Luis
Antonio de Villena (Madrid, 1951) es muchas cosas: poeta, novelista, ensayista,
traductor, articulista, adaptador teatral, magnífico conferenciante y un
intelectual no de salón, sino combativo; de esos que se adentran en el fango de
la actualidad aunque echen a perder con ello su impecable atuendo (el dandismo,
en él, es otra filiación). Pero, sobre todo, se siente poeta, como confiesa
orgulloso en la contracubierta de la completa y cuidada antología poética que
acaba de editar Verbum, Cuerpos, teorías,
deseos. Poemas escogidos. Esta recorre toda su obra en verso, desde su
ópera prima, el aún moderno Sublime Solarium
(1971), hasta el legado de sabiduría y nostalgia, con ecos viscontianos, que es
Proyecto para excavar una villa romana en
el páramo (2011), y nos ofrece una visión bastante certera del catálogo de
sus obsesiones (no solo literarias, también vitales).
Los
poemas de De Villena son un elogio constante de la belleza, que, al saberla tan
breve, no puede dejar de glosar ―cada segundo que pasa es un envejecer
lentamente―, pero no son solo eso. En
ese «teorías» del título, que queda emparedado de un modo inevitable entre
«cuerpos» y «deseos», palpita toda una declaración de vida. Además de la piel (joven)
y el anhelo que esta despierta, cima y aspiración infatigable, está la doliente
reflexión existencial tras el banquete de la carne. Por decirlo con uno de los
títulos de sus poemas: «Psique y Eros», o a la viceversa.
Quiere
esto decir que el hombre inquietísimo que habita en él se abre camino con
frecuencia entre el voyeur y el jactancioso
hedonista que conforman su cara más conocida, y por eso no pocos de sus versos
contienen un aliento metafísico que merece ser tenido en cuenta, así como una pertinaz
resistencia a la claudicación moral. Por más que en el fondo asuma que su causa
es la de los vencidos, ya que el uso de la inteligencia y el amor por la propia
especie ―a pesar de los muchos dardos misántropos― son la bandera de una
minoría cada vez más mínima.
Los
ejemplos de su faceta epicúrea son innúmeros, pero escojo estos versos de «Palabras
de un lector del “Fedro”» (Hymnica)
para resumirla: «[…] Mira el don fugaz, / y goza, hazlo tuyo si puedes. Desea.
/ Porque de pronto, ya sabes, se tornará ceniza».
En
cuanto al capítulo de las ideas, la hondura de su mirada se aprecia de manera
inmejorable en «Iconoclasta/Iconódulo» (La
prosa del mundo): «La vida es asimismo dura, cruel, innecesaria, áspera.

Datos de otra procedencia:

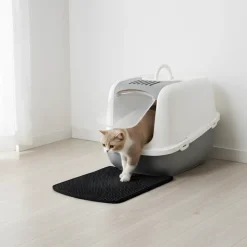 Savic toiletmåtte Litter Catcher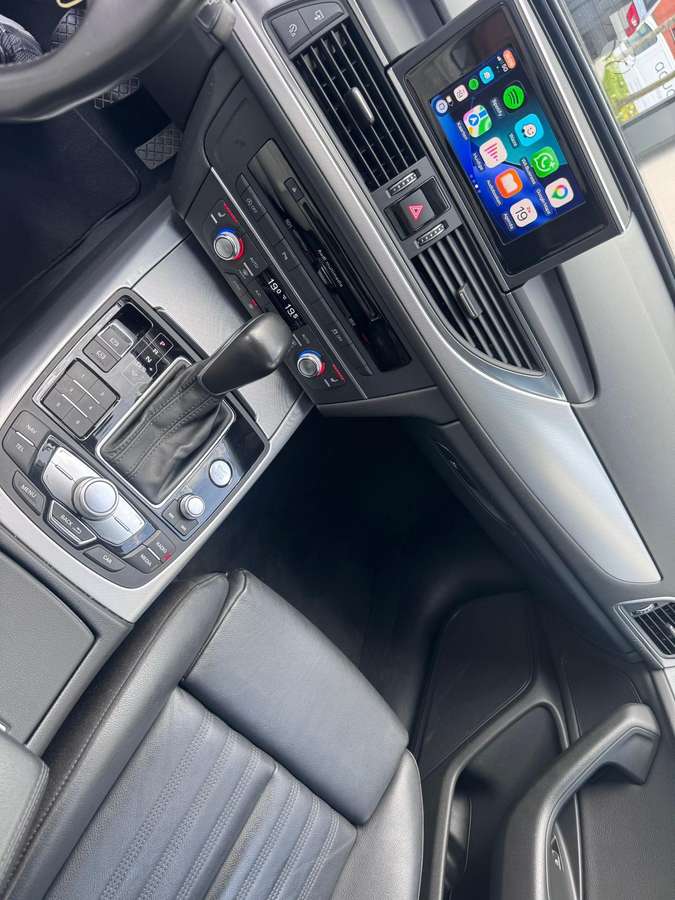 Audi A6, 2.0 l., Универсал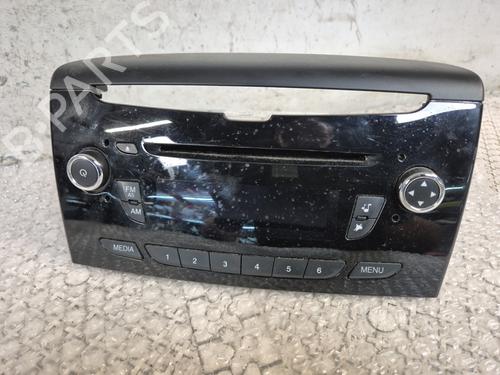 Used Radio LANCIA YPSILON (312_) 1.2 (312.PXA1A, 312.YXA1A) (69 hp) 26512175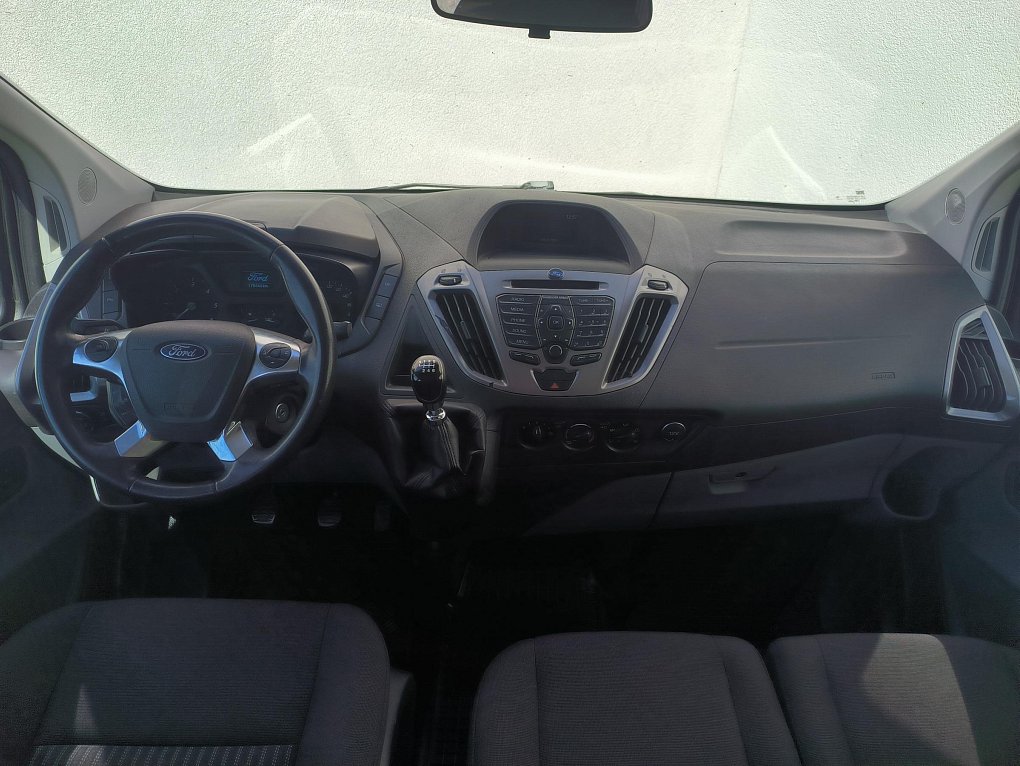 Ford Transit Custom 2.0TDCi Trend L2 6míst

Espléndida y sanguinaria. […] Difícil llegar. Difícil marcharse».
Hay
libros que se leen sin apenas masticarlos y cuya digestión es igual de célere.
No es el caso de estas páginas nacidas para ser paladeadas como un licor
exquisito, y las cuales dejan un regusto que perdura. Quizá porque lenguaje y
pensamiento son la poderosa materia de la que están hechas; las mismas patas
robustísimas sobre las que se asienta la poesía que así merece ser llamada.
Y
es que conviene no olvidarlo: cuerpos y deseos, sí, pero también teorías. El
depredador y el filósofo aceptándose mutuamente y manifestándose cada cual a su
momento. El camino ―que ya va siendo largo y siempre se quiso intenso― de un vividor
que se cuestiona el tictac del mundo mientras ama, o después de hacerlo: «Nada
hay, sólo el presente existe», sentencia en «Epitafio». Degústenlo.